STUDY OBJECTIVE: To leverage perioperative indicators in developing an explainable machine learning (ML) model for postoperative delirium (POD) prediction, discover distinct data-driven POD subtypes through hierarchical clustering analysis, and enhance personalized risk stratification to inform targeted clinical interventions. METHODS: This is a secondary analysis of several prospective observational studies, including 1106 patients who had non-cardiac surgery. Univariate analysis and the least absolute shrinkage and selection operator (LASSO) regression was used to screen essential features associated with POD. We compared six algorithms: adaptive boosting with classification trees, random forest (RF), neural networks, support vector machines, extreme gradient boosting with classification trees and logistic regression.
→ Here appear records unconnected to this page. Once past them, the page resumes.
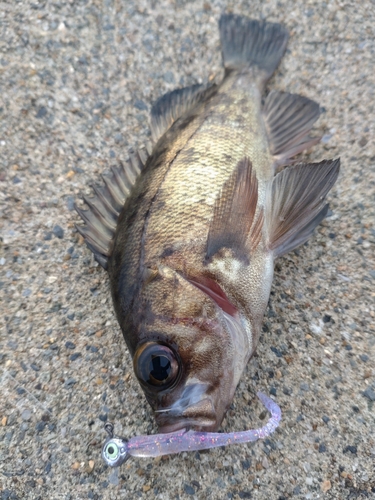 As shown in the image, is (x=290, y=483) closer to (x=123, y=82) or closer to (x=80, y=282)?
(x=80, y=282)

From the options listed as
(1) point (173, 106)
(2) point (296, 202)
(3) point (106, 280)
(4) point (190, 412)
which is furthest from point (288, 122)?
(4) point (190, 412)

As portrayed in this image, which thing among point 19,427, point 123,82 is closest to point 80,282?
point 19,427

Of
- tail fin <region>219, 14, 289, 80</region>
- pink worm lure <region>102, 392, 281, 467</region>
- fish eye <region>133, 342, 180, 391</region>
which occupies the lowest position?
pink worm lure <region>102, 392, 281, 467</region>

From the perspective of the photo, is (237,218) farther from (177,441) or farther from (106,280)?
(177,441)

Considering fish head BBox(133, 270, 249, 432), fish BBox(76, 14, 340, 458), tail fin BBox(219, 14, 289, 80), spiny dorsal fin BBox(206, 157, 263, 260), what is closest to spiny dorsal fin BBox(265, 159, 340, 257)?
fish BBox(76, 14, 340, 458)

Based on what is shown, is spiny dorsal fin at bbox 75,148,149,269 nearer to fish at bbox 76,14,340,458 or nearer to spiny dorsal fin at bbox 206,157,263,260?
fish at bbox 76,14,340,458

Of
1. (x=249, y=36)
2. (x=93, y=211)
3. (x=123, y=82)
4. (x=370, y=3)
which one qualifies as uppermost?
(x=370, y=3)

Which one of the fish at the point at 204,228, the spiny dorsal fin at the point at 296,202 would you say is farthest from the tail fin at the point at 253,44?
the spiny dorsal fin at the point at 296,202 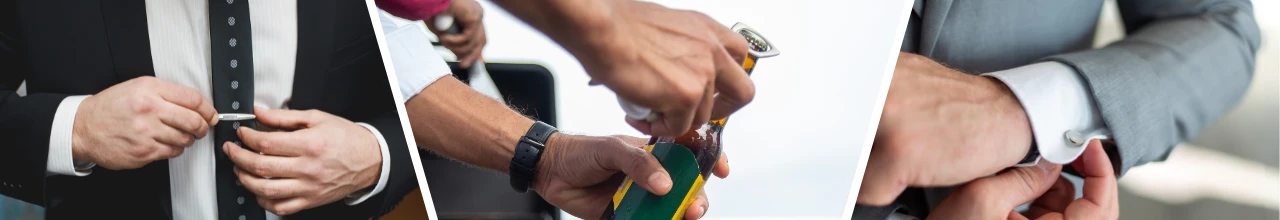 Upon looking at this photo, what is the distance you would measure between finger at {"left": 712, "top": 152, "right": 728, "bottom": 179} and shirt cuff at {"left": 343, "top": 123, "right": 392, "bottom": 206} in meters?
0.32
SHapley Additive exPlanations (SHAP). was used to interpret the best one and to externally validate it in another large tertiary hospital. Among patients who developed POD, we conducted hierarchical clustering analysis on the risk factors (identified through univariate screening in the prediction model) to delineate distinct subtypes. We then compared the length of postoperative hospital stay and mortality rates (at 1, 3, 6, and 12 months postoperatively) between the identified clusters. MAIN RESULTS: We identified 14 POD risk factors to develop ML models. The RF model performed best among the six ML models (area under the curve [AUC] of 0.85, 95 % confidence interval [CI], 0.78-0.91). SHAP analysis highlighted surgery duration, preoperative mini-mental state examination score, and Edmonton Frail Scale as the top predictors of POD. Hierarchical clustering identified three distinct POD subtypes: Subtype 1 (high-risk profile with significant comorbidity and inflammatory dysregulation, longest hospitalization: 21.5 days ([interquartile range (IQR) 19-28]; p < 0.001), Subtype 2 (resilient majority with optimal survival; Log-rank p < 0.001), and Subtype 3 (advanced age, frailty and low cognitive reserve, shortest hospitalization: 5 days [IQR 4-8]). Kaplan-Meier analysis showed significant 12-month survival differences among the subtypes (Subtype 2 > Subtype 3 > Subtype 1; p < 0.001). CONCLUSION: Our study validated the utility of ML models, particularly RF, in predicting POD and identified three novel data-driven subtypes with distinct clinical characteristics.